Desde los inicios de la cuarentena oficial como medida de contención del COVID-19 en Venezuela, la banca local ha venido mostrando un mayor deterioro, en su gran mayoría vinculadas a la férrea política de encaje que mantiene el BCV. En particular, al ser una fracción de los depósitos que se inmovilizan en el ente emisor, el elevado requerimiento de encaje no solo provoca que los bancos se expongan a marcadas limitaciones para prestar (siendo estos depósitos la principal fuente para generar financiamiento) sino que también induce una fuerte caída en sus activos líquidos (usualmente denominadas disponibilidades o reservas bancarias). Así, una vez llegada la pandemia, la disponibilidad de fondos de los bancos locales para operar cayó dramáticamente, por lo que las secuelas de las altas obligaciones de la banca con el BCV trascendieron más allá de la intermediación crediticia. El carro comenzó a quedarse sin gasolina.

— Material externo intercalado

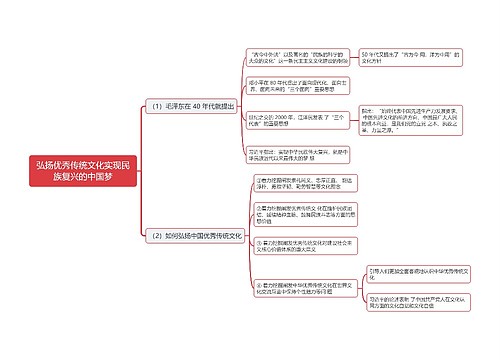 弘扬优秀传统文化实现民族复兴的中国梦思维导图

En efecto, esta situación de iliquidez (iniciada con las alzas del encaje) comenzó a agravarse con los efectos de la cuarentena contra el nuevo virus sobre la actividad comercial local. Menos operaciones supuso menos transacciones, y por ende menos depósitos para convertir en activos líquidos (además de menos comisiones y por ende menos generación de ingresos). Por otro lado, la postura fiscal contractiva del Ejecutivo durante la pandemia también supuso un recorte de los recursos a disposición de la banca para acumular este tipo de activos, en un entorno donde la dolarización tampoco fue suficiente para compensar el impacto adverso de la menor afluencia de bolívares (como mecanismo para genera liquidez bancaria). Así, ante un elevado requerimiento de encaje (por cada depósito obtenido), pronto los bancos comenzarían a mostrar reservas bancarias por debajo del encaje legal requerido (déficit, o reservas bancarias por debajo de cero) bajo el nuevo contexto.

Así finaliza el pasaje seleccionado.